**Assignment**
Copying rule for the data below: take the line containing "MyCruise MSC Preziosa" and every line after it to the end, exactly, and drop all pictures.

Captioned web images
# # #
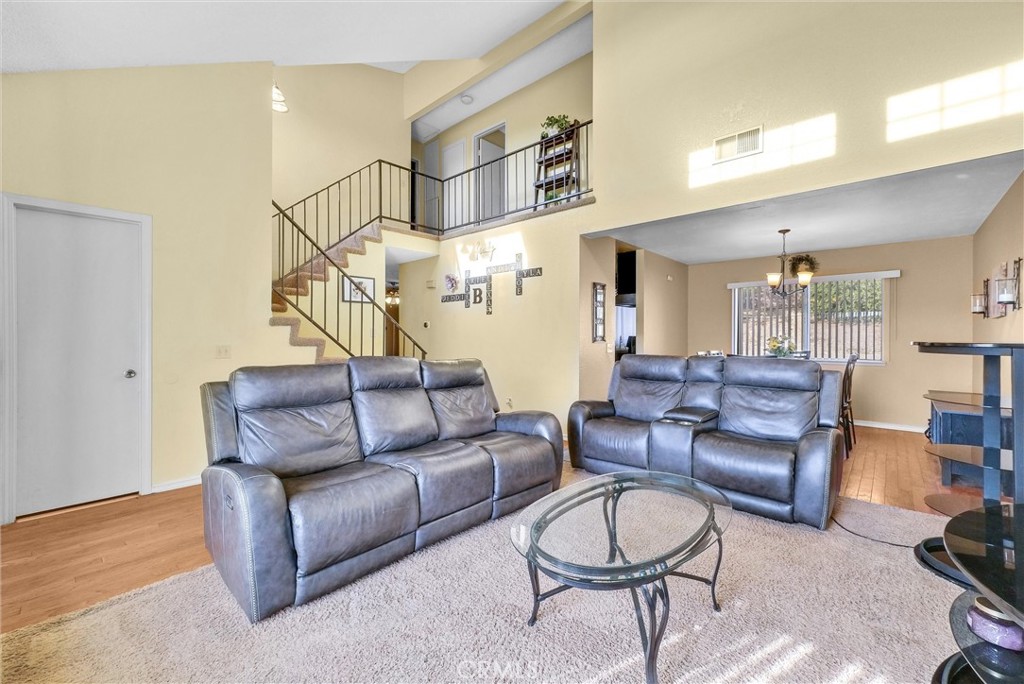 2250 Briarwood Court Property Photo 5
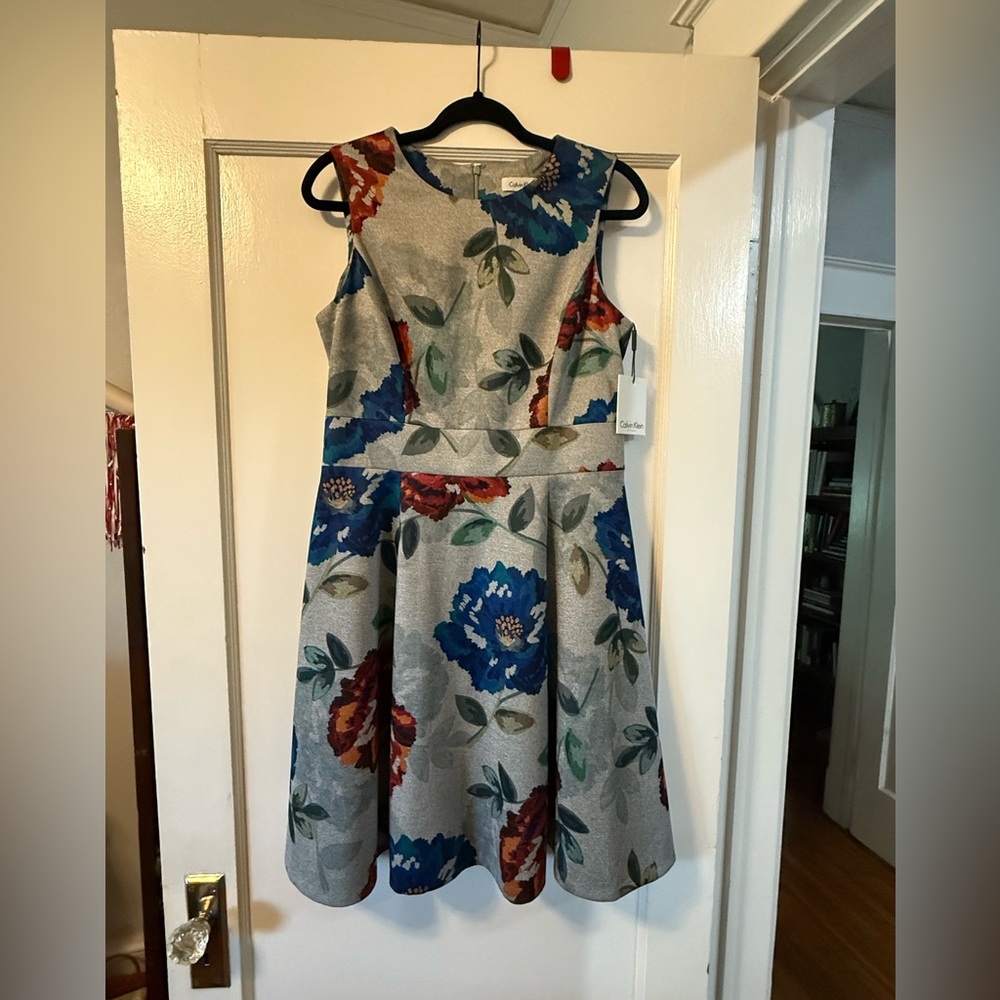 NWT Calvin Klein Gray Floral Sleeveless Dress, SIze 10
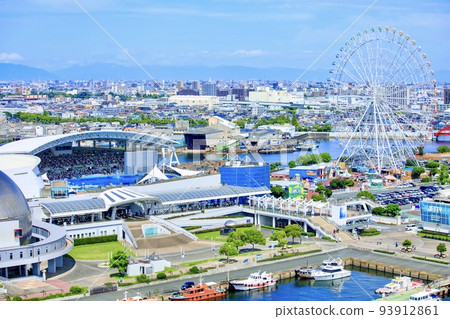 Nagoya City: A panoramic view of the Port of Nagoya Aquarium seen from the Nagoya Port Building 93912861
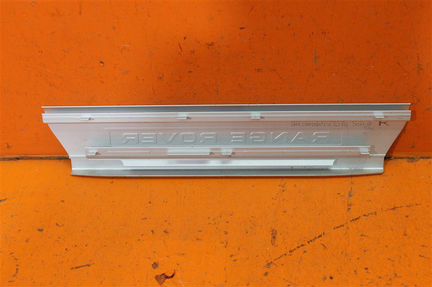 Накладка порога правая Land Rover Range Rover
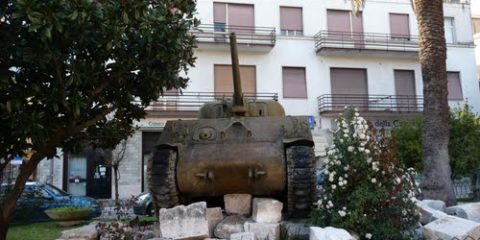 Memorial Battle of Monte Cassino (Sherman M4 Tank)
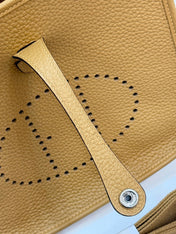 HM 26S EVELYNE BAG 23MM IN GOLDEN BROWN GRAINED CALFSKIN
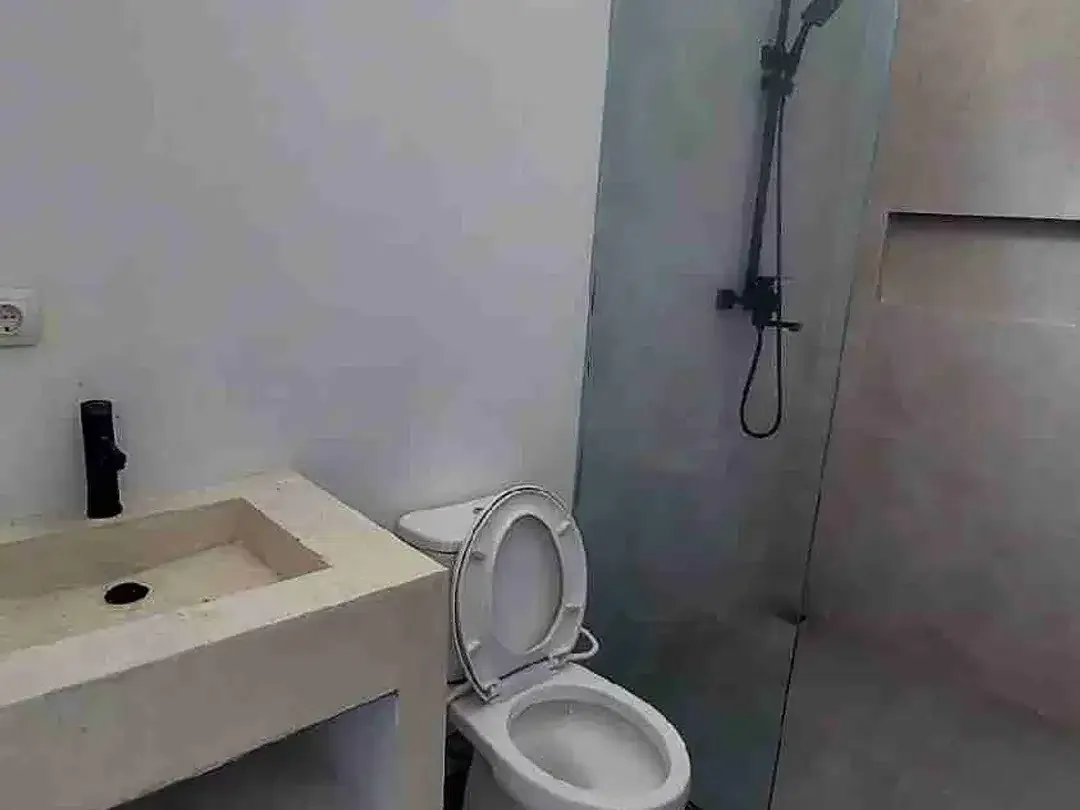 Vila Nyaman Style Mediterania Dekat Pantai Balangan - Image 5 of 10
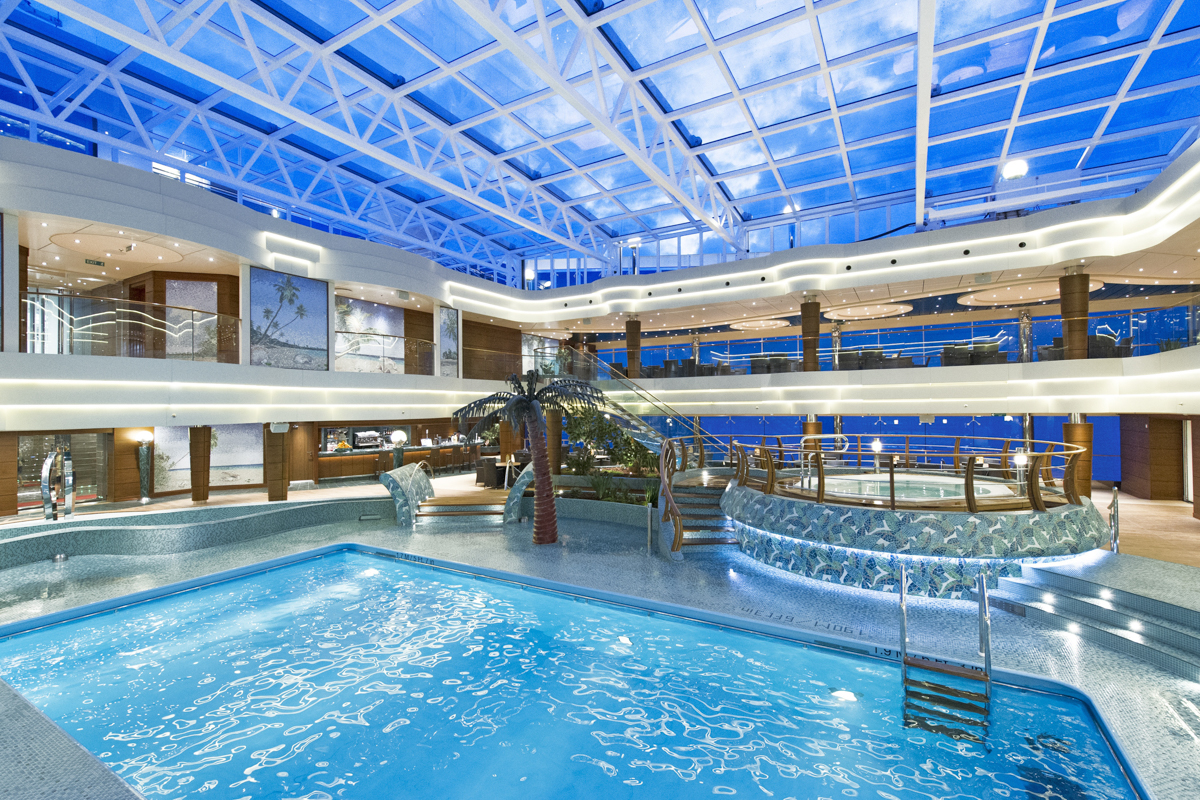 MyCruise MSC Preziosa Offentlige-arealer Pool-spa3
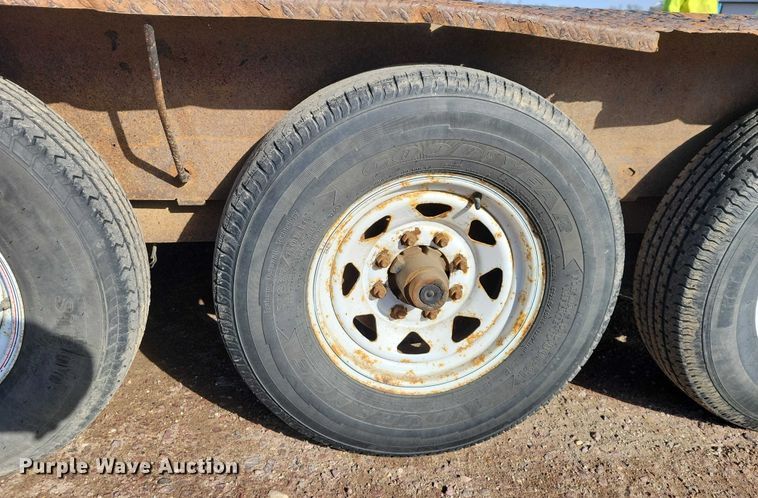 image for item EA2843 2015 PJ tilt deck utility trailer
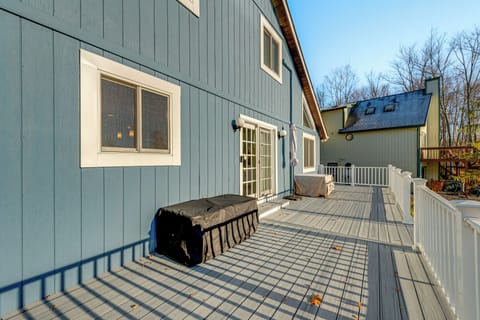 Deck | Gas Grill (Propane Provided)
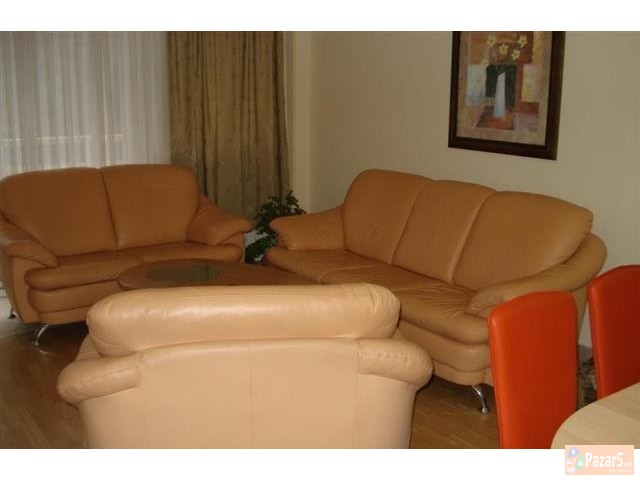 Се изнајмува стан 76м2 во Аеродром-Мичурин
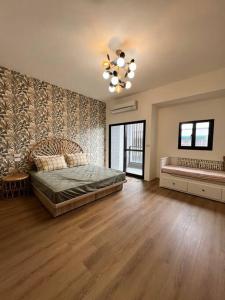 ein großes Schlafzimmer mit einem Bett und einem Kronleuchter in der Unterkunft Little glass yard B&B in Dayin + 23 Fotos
# # #
**Completed exercise**
 MyCruise MSC Preziosa Offentlige-arealer Pool-spa3
 image for item EA2843 2015 PJ tilt deck utility trailer
 Deck | Gas Grill (Propane Provided)
 Се изнајмува стан 76м2 во Аеродром-Мичурин
 ein großes Schlafzimmer mit einem Bett und einem Kronleuchter in der Unterkunft Little glass yard B&B in Dayin + 23 Fotos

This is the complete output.